[SOURCE RECORDS]
* * * *
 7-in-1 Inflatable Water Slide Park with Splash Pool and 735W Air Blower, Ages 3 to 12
* * * *
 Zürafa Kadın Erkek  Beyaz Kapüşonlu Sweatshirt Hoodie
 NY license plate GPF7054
* * * *
Transcribe, exactly and without additions, the lines of the records above, beginning with the line that contains "Zürafa Kadın Erkek" and ending with the line that contains "NY license plate GPF7054", both included.

[SOLVED PROBLEM]
 Zürafa Kadın Erkek  Beyaz Kapüşonlu Sweatshirt Hoodie
 NY license plate GPF7054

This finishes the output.